The Gastro-gnome asks: What is the difference between Mathiya and Pappad?
@owlwings (43897)
Cambridge, England
November 12, 2008 6:31am CST
I recently bought some rather small pappads from our local Indian grocery (I like to try new things from time to time). They were called Mathiya but looked very like pappads otherwise - very thin, round and flexible when uncooked, crisp and fragile and slightly puffed when cooked.
In taste they are sweeter than pappads and also hotter (the ingredients say that they contain 'white chili' and also sugar).
I would like to ask our Indian friends how they use them. Are they a regional variation (common in one part but not in another part of the continent) or are they something you serve as a variation?
The ones I have contain moth bean flour and black gram flour - no wheat flour - and are flavoured with white chili and caraway seed. Another recipe I found on the Internet specifies some wheat flour but mostly besan (gram flour), no sugar and ajwan rather than caraway.

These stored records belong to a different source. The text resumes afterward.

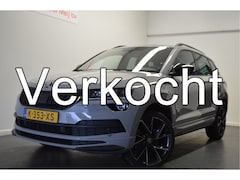 Skoda Karoq - 1.5 TSI ACT Sportline Business , LED KOPLAMPEN , NAVI , A UITRIJ CAM , ST+STUUR VERW ,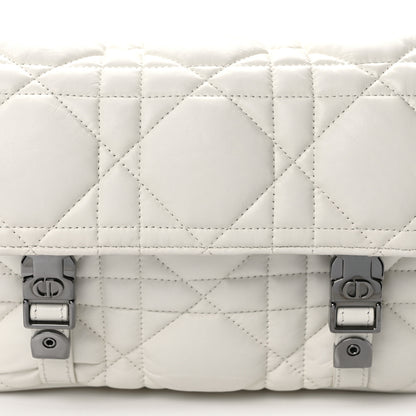 Christian Dior Calfskin Macrocannage Small Diorcamp Messenger Latte 7 of 14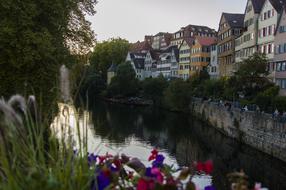 Tübingen Neckar River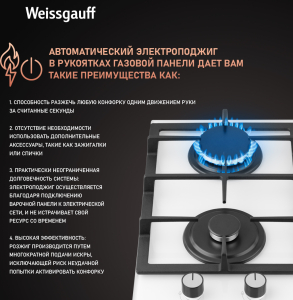    Weissgauff HGG 320 WGV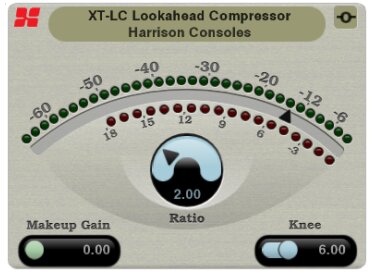 Harrison Audio XT-LC Lookahead Compressor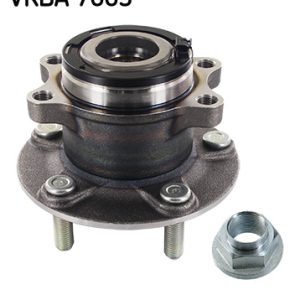 Set rulment roata SKF VKBA 7663 – PEOUGET | AutoRival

I'm sure that there are as many different recipes for Mathiya as there are people who make them. How would you (as an Indian) describe them to a foreigner and say how they are different from Pappads?
1 response
@ronaldinu (12422)
• Malta
2 Dec 08
Your posting has been interesting. i am totally ignorant of Indian cuisine. Thanks for posting and sharing this information.
© ronaldinu 2008
@owlwings (43897)
• Cambridge, England
2 Dec 08
Thanks for resurrecting this, nevertheless, Ronaldinu. I thought it had got lost down the big hole of No Response!